November 29, 2013

"There ain't no pagan Jesus"? Bullshit.

There's a fairly annoying piece up on Wild Hunt, written by a Feri tradition pagan in Oregon who works with the homeless, that, bizarrely, insists that, "Well, there ain’t no pagan Jesus. at least not when it comes to looking after the poor. I’m not saying that you can’t compare Jesus to some of the old gods in many ways, but I never heard of Osiris and Dionysis [sic] tending to the poor and oppressed, chastising the rich, specifically promising the persecuted an eternity in Heaven." In response, Sannion points out that this is obviously ignorant, that Jesus' instructions on the poor clearly owe something to Stoic and Middle Platonic philosophies by way way of Jewish Hellenizers, and lists off some of the ways Dionysos himself did, in fact, help the poor and wronged. He also mentions some specific pagan charitable organizations.

I commented on the original piece at some length. It's not the most eloquent or even coherent thing I've written recently, but give me a break, I'm sick at the moment. Here it is:

Where is the Pagan god who cares for the poor?

How about Hekate, in whose name suppers were laid at altars every months, and the poor ate from them? How about Eleos, Goddess of Mercy and Compassion? Hera, Zeus, and Hermes all went dressed as beggars, as did others, seeking alms and aid, testing mortals for charity and punishing them if they did not offer it.

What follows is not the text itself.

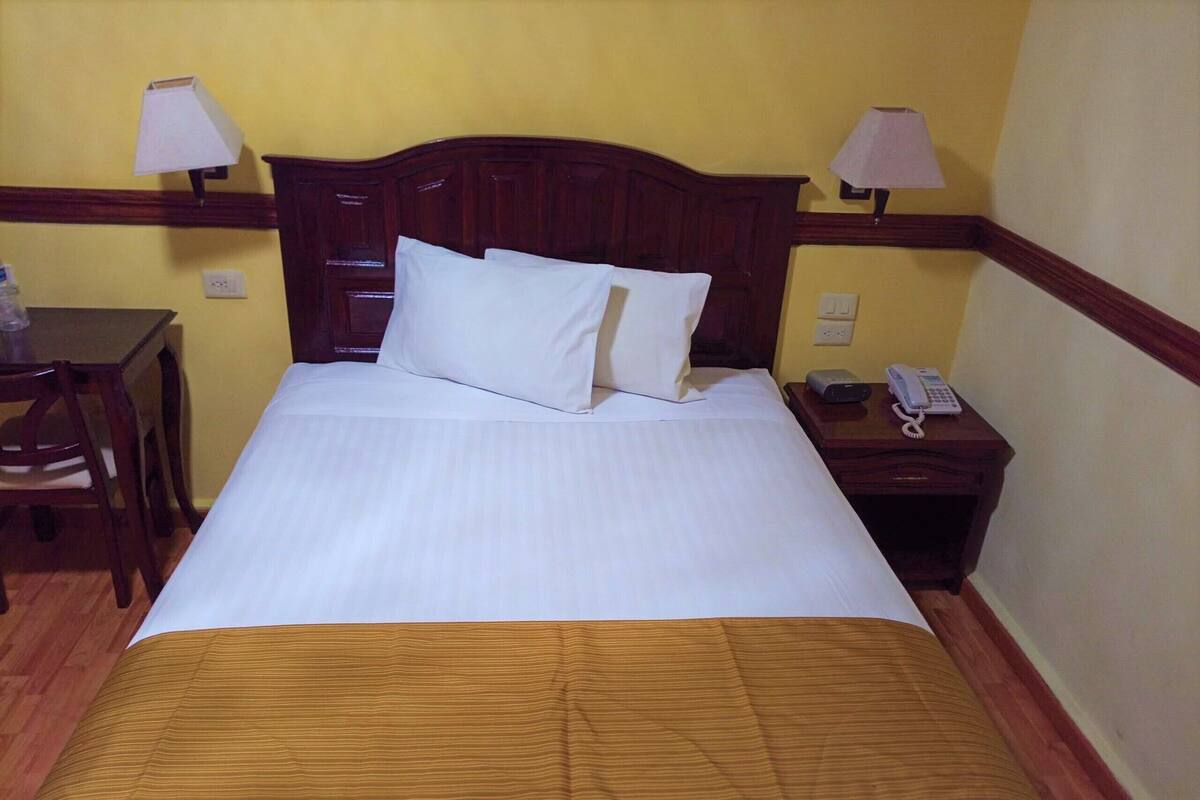 A neatly made bed with a wooden headboard, two bedside tables with lamps, and a telephone on the right side.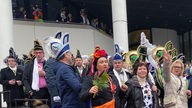 Eine große Gruppe Karnevalisten und Karnevalistinnen mit Komiteemützen in Rheine.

Homer says, "all strangers and beggars are from Zeus," and, "we know the gods go about disguised in all sorts of ways as people from foreign countries, and travel about the world to see who do amiss and who righteously." When Telemachus gave a meal to a beggar in his house (ok, the disguised Odysseus, but Telemachus didn't know that), that was a demonstration of his virtue and piety, and Athene tested Penelope's suitors by having Odysseus beg from them, too. Antinous, in particular, is called evil for wishing to drive the beggar out of the house. The entire chapter is a lesson on charity.

The Emperor Julian wrote, "“How can the man who, while worshipping Zeus the God of Companions, sees his neighbors in need and does not give them a dime – how can he think he is worshipping Zeus properly?”"

Let me repeat this: The Gods of Hellas went about disguised as beggars (and realistically, when these texts are translated as "foreigners," they are talking about poor people who are not citizens, and so must beg), and punished those who did not feed them and care for them. Not unlike, "What you do to the least of these you do to me."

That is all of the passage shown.